Data provided:
__________
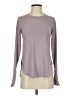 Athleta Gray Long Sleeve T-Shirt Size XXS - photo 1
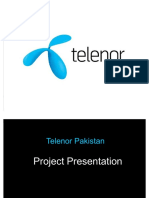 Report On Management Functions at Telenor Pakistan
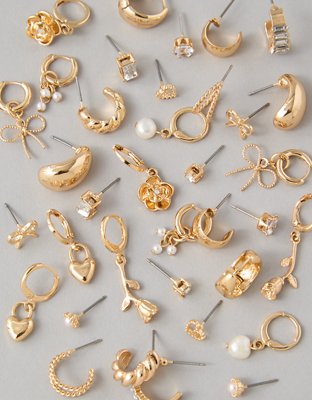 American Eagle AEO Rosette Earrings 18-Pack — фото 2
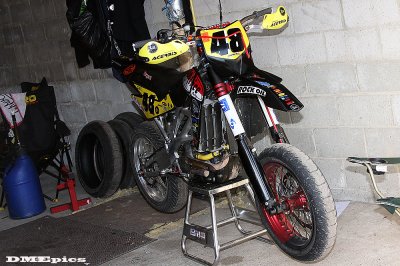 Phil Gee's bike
__________
Task to complete: The pictures in the data should be omitted, and every remaining line set down exactly.

Answer to the exercise:
 Athleta Gray Long Sleeve T-Shirt Size XXS - photo 1
 Report On Management Functions at Telenor Pakistan
 American Eagle AEO Rosette Earrings 18-Pack — фото 2
 Phil Gee's bike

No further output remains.